Patty Hudak: Biography 

Patty Hudak is a painter and installation artist whose work combines the Japanese technique of mokuhanga with a contemporary exploration of nature, the supernatural, and human imagination. Her prints and installations arise from more than a decade living in China and Japan, and from her present life in Vermont, where she explores the quiet relations between spirit and the natural world. While living in China, her work evolved to include theories of ink painting and process and contains influences by the mystical Irish poet, WB Yeats. In Japan, she studied traditional woodblock printing and carving, which she is using for both print and installation work.

Hudak addresses concepts of isolation in Nature, amidst the surrounding turmoil. She applies color and forms in organic patterns and marks history with the penetration of the color into the fibers of the surface. This action symbolizes Nature as a system of porous materials. The pressure of her hand is a real-time response to the current emotional climate; she transforms these emotions into tangible forms. Memories of walking in Nature are channeled into the structures of the line and pattern. Hudak’s hand-carved and collaged prints reflect themes of transformation, liminality, and unseen presences. Pamela Polston of Seven Days compares her work to totems, noting “their graphic impact is both primitive and modernist.”  

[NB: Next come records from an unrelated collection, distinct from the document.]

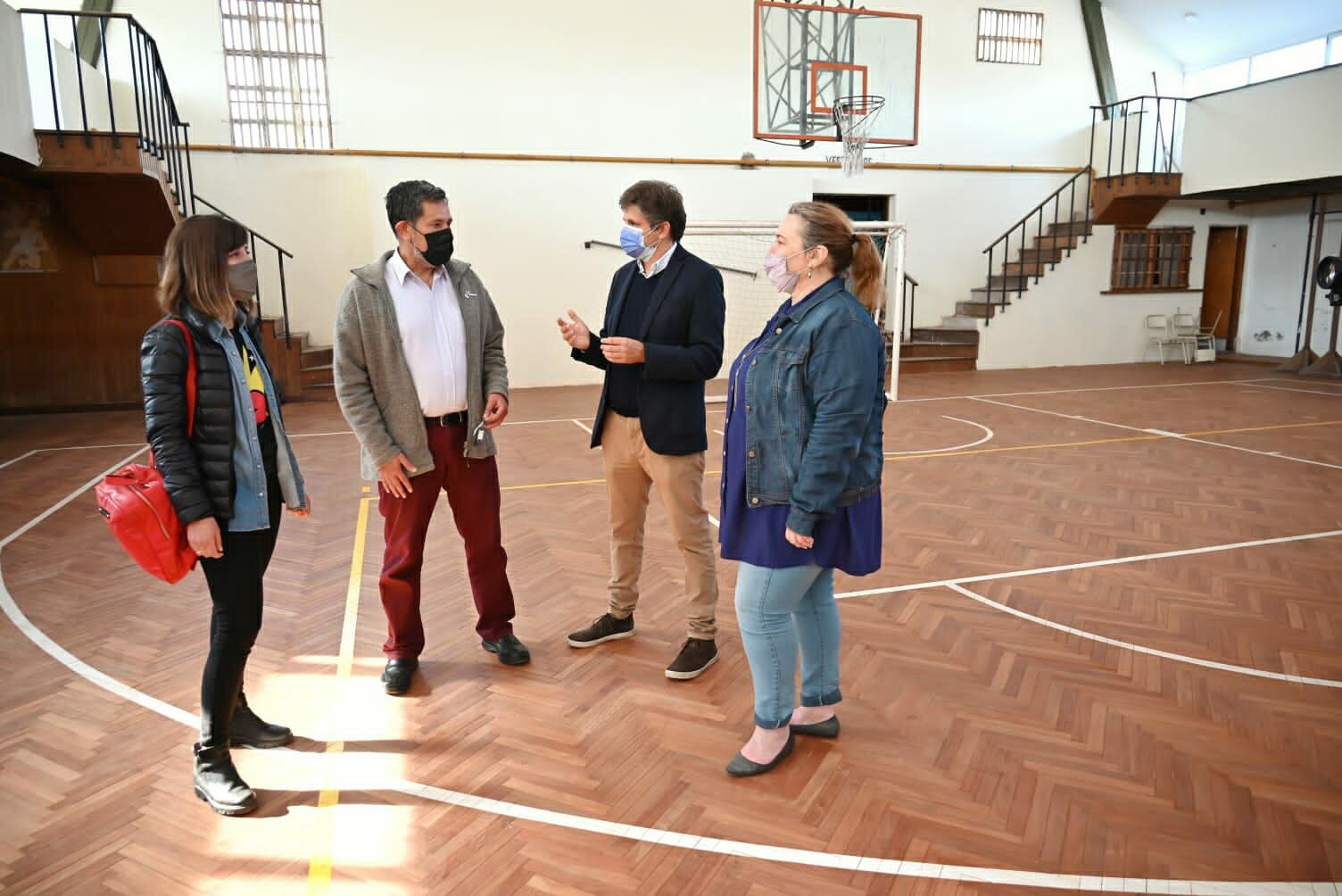 Ediles del Frente de Todos visitaron la escuela técnica de 14 de Julio y Gascón.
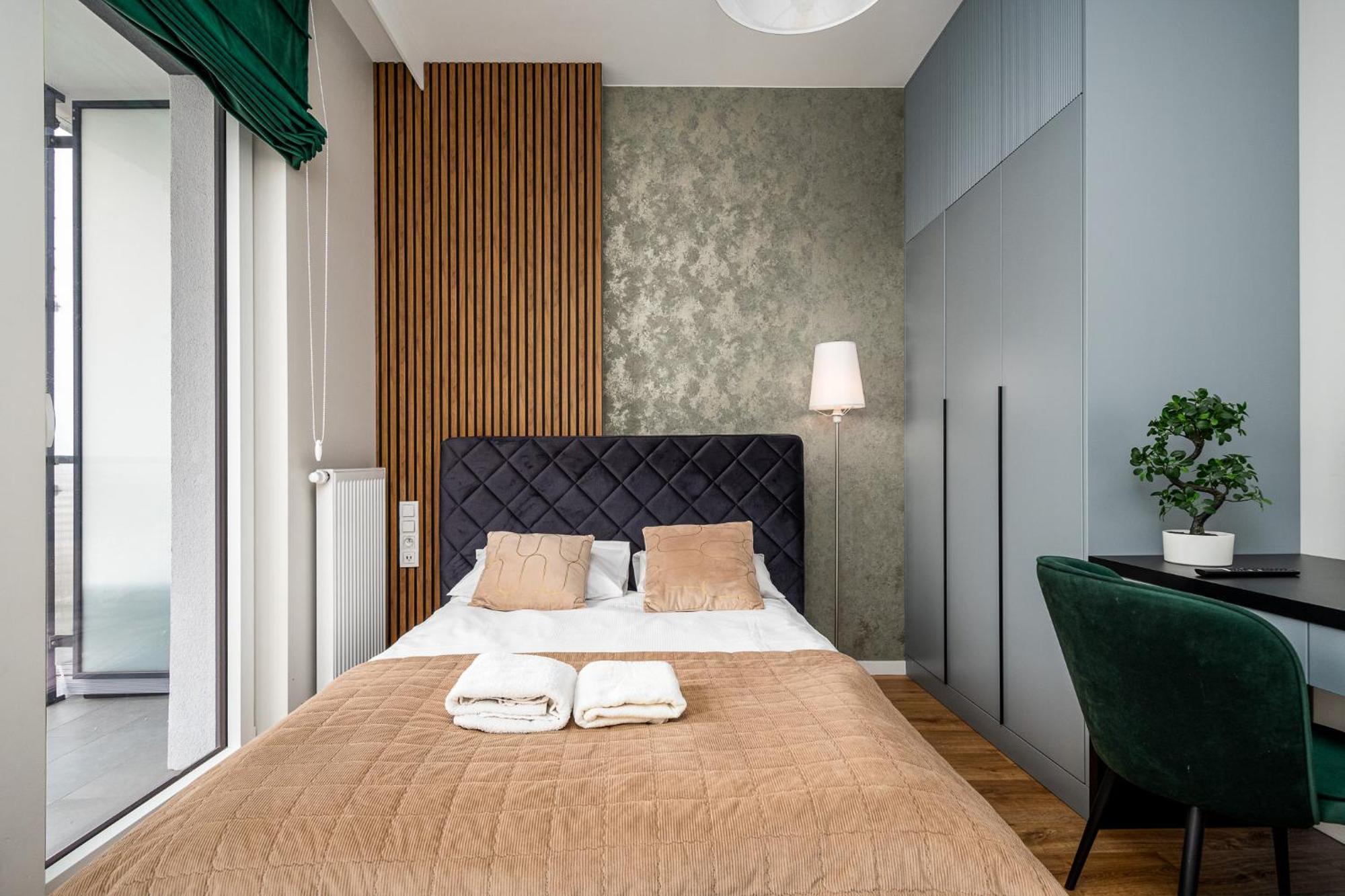 Wola Tower Deluxe Separate Bedroom With Free Garage - By Perfect Apart Varsovia Exterior foto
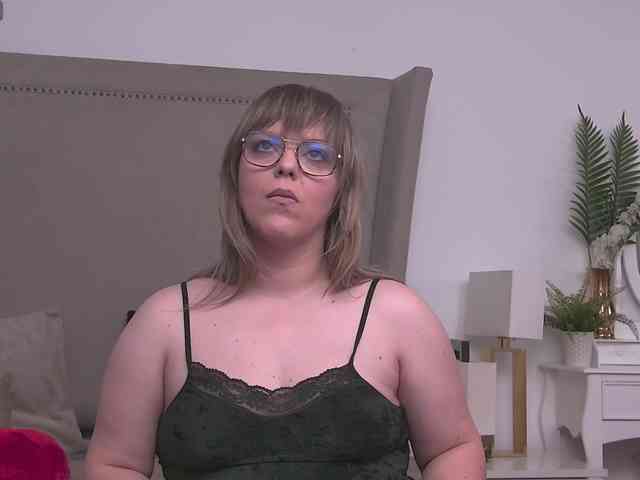 ZoeSkye ZoeSkye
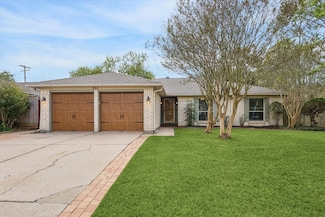 301 Bayridge Dr, League City, TX 77573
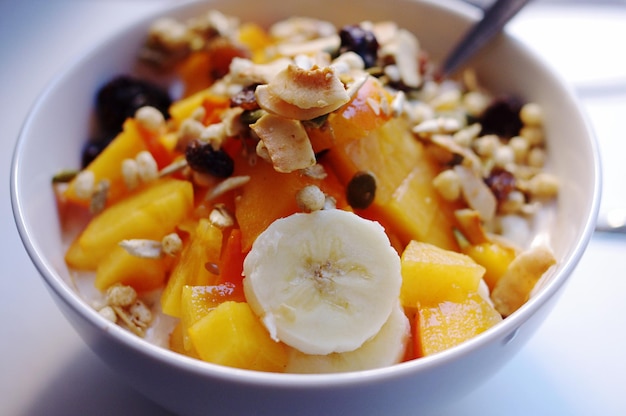 Close-up van fruitsalade in een schaal
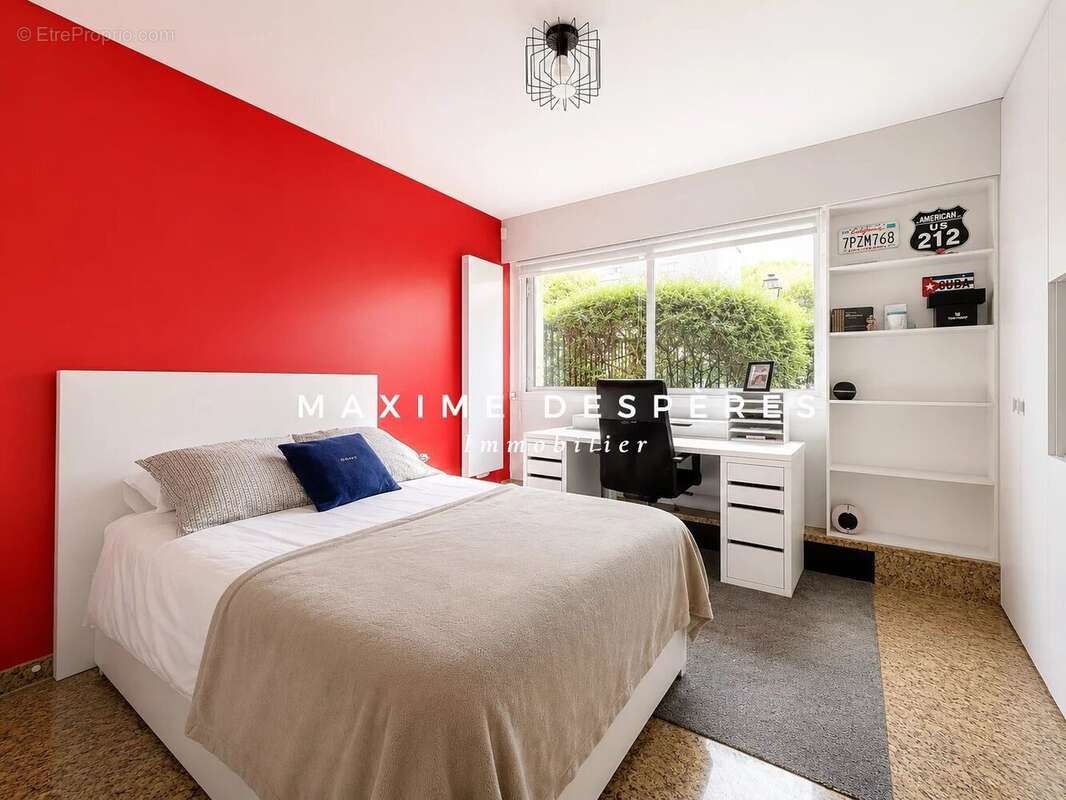 Appartement à NEUILLY-SUR-SEINE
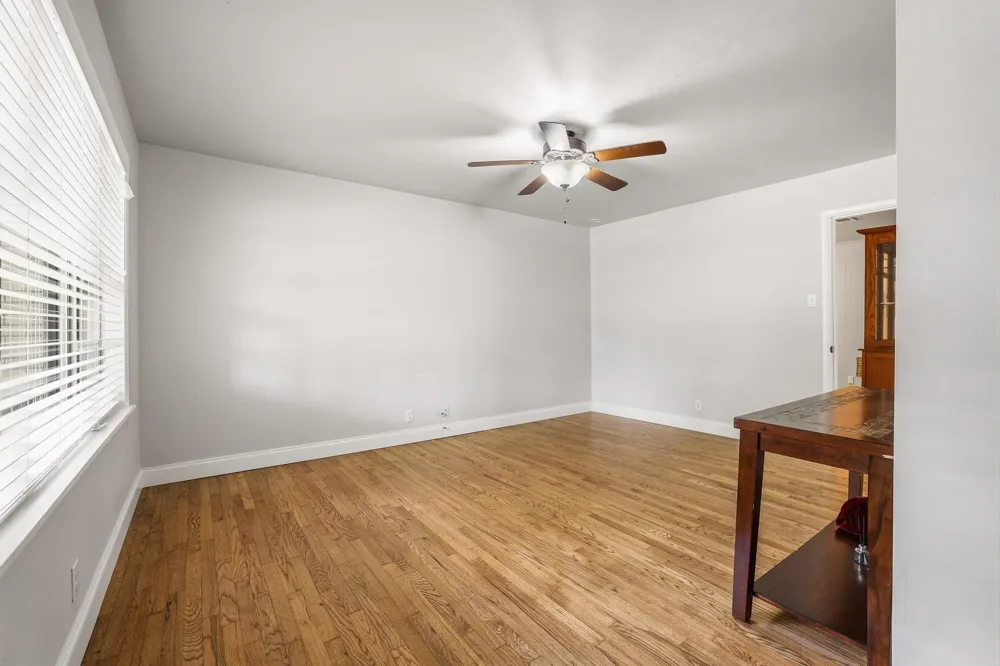 813 S Andrews Street Sherman, TX 75090
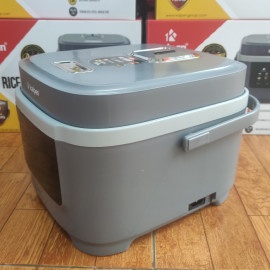 Nồi cơm điện tử Kalpen R13 dung tích 1.8L lòng nồi Inox 304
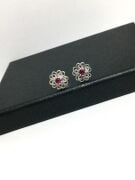 GÜMÜŞ KÖK YAKUT TAŞLI TELKARİ KÜÇÜK ÇİÇEK KÜPE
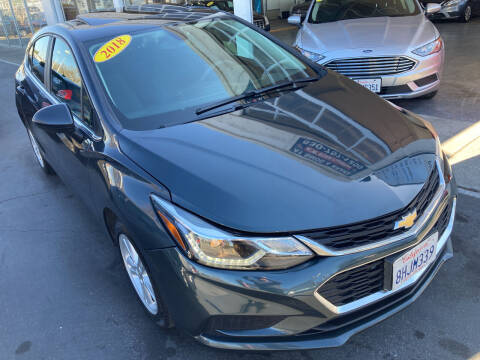2018 Chevrolet Cruze for sale at Sac River Auto in Davis CA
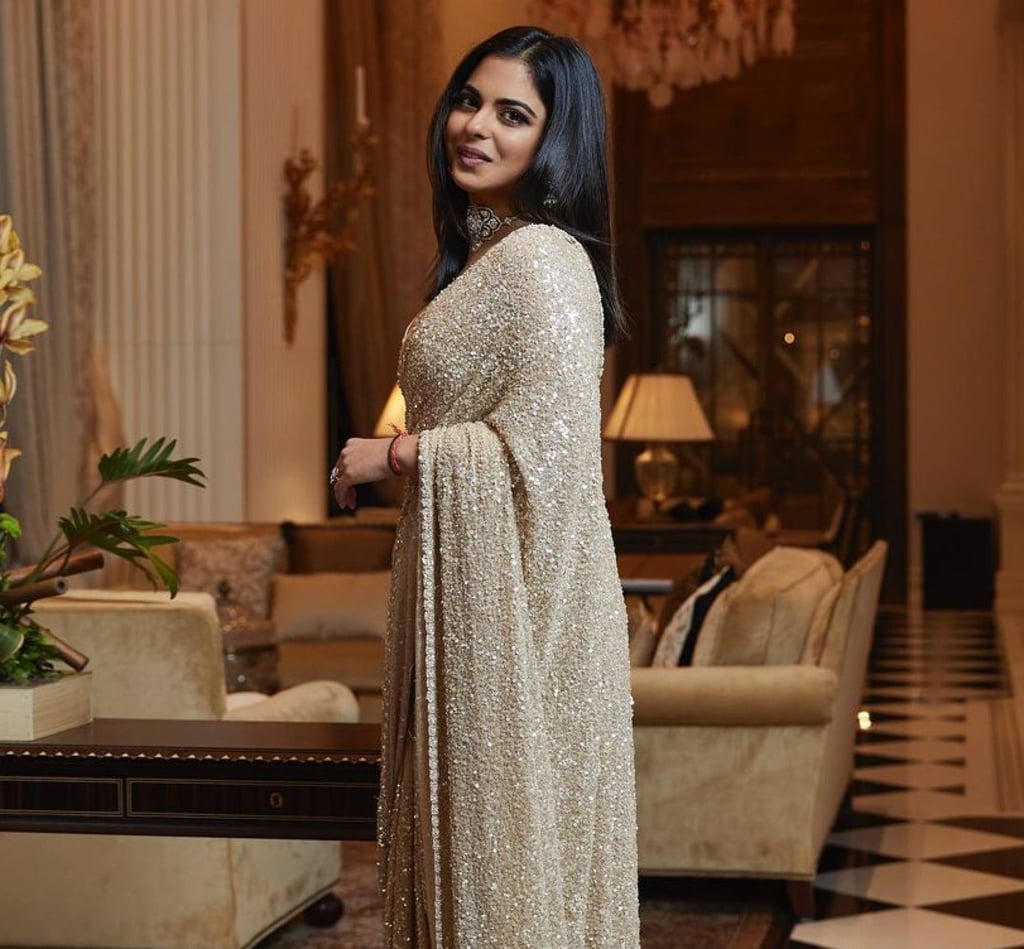 Mukesh ambani daughter marriage dress cheap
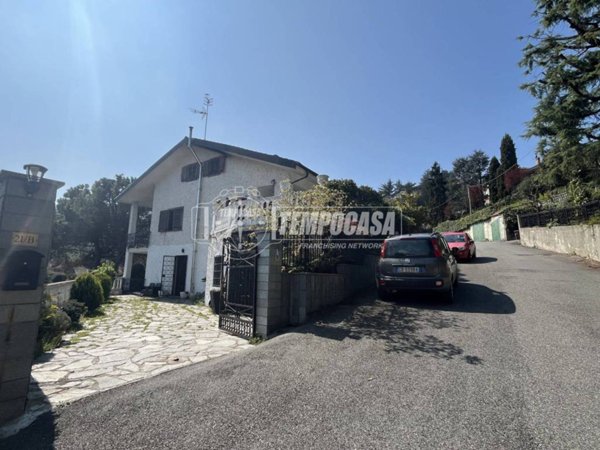 casa indipendente in vendita a San Mauro Torinese in zona Sambuy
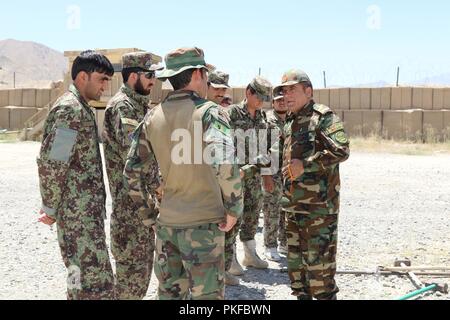 MAIDAN SHAHR, Afghanistan (6. August 2018) - der afghanischen nationalen Armee Oberstleutnant Mala Kuddin Kandak, Ingenieur für 4., 4. Brigade der 203Rd Corps, Mentoren junger Soldaten auf Afghan National Army Base Maidan Shahr in der Provinz Wardak. Stockfoto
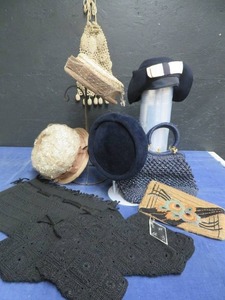 lot 81 image: VINTAGE HATS & PURSES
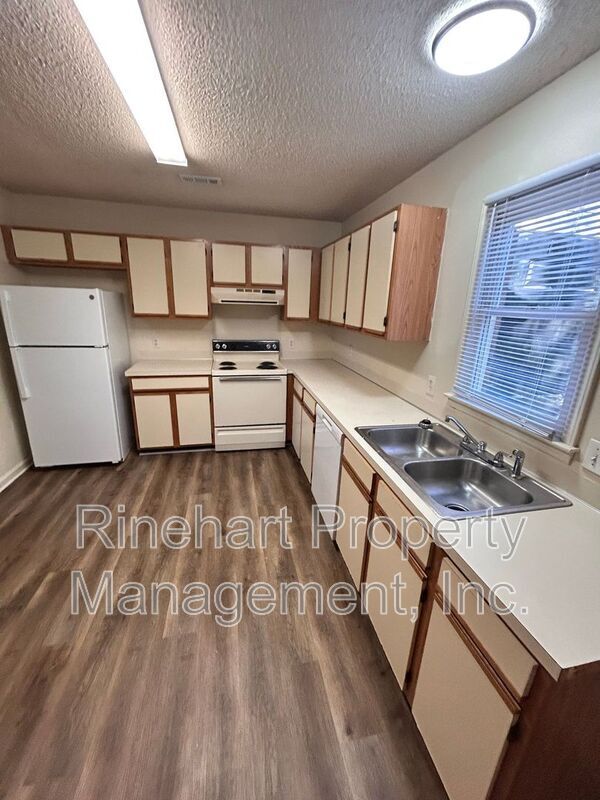 Building Photo - 1116 Camden Ave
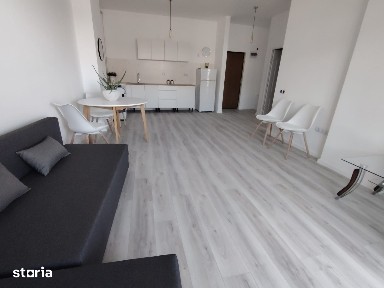 Inchiriere Apartament 2 camere semidecomandat, 45 mp,Eroilor
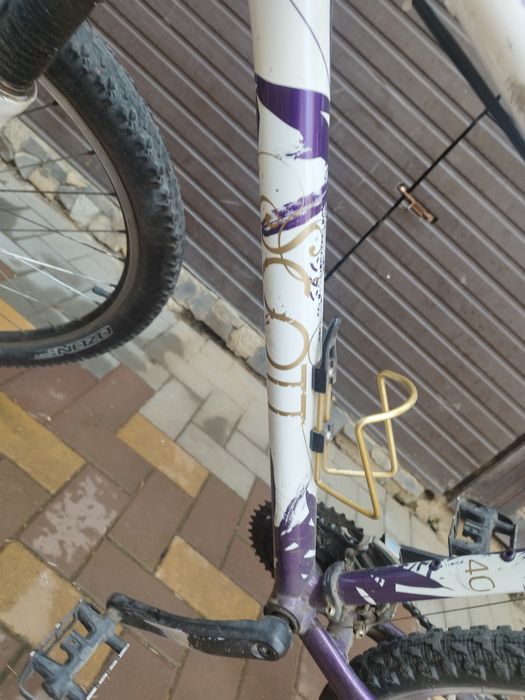 Bicicleta scott pe roti pe 26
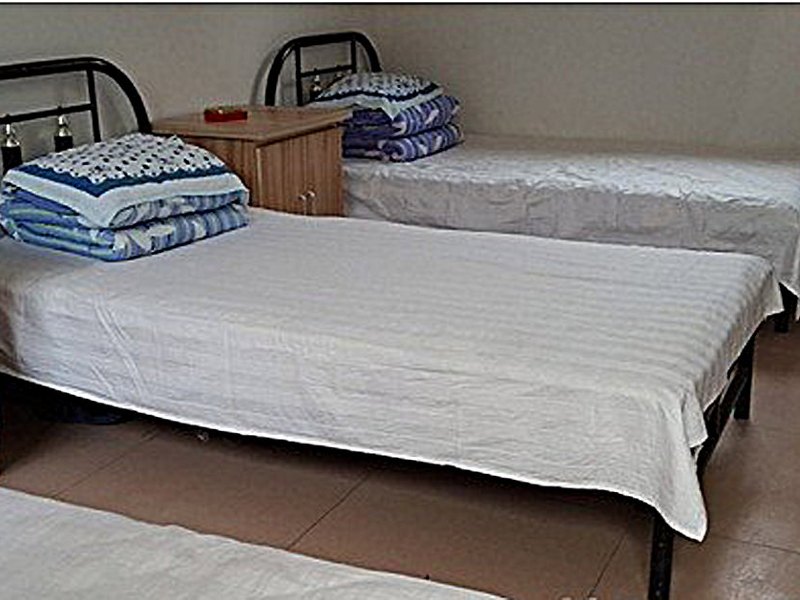 hotelPic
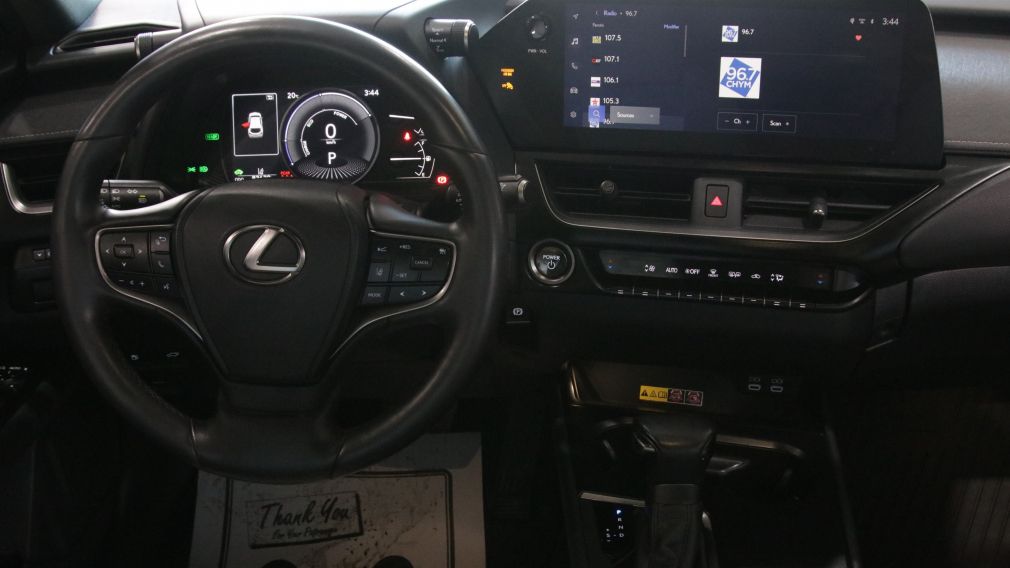 Lexus UX 250H UX 250h 2023 d&rsquo;occasion à vendre - 22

Since 2015, Hudak has created large-scale installations for the public in non-profit spaces. These include the 2018-2019 Vermont Creation Grant project, "There, Through the Broken Branches, Go", exhibited in 2020 at the Southern Vermont Arts Center in Manchester, VT. Other large-scale installation projects include "Sailing to Byzantium" at Dublin Castle in Ireland, and "Botanical Ornaments" at the TW Wood Gallery in Montpelier, VT.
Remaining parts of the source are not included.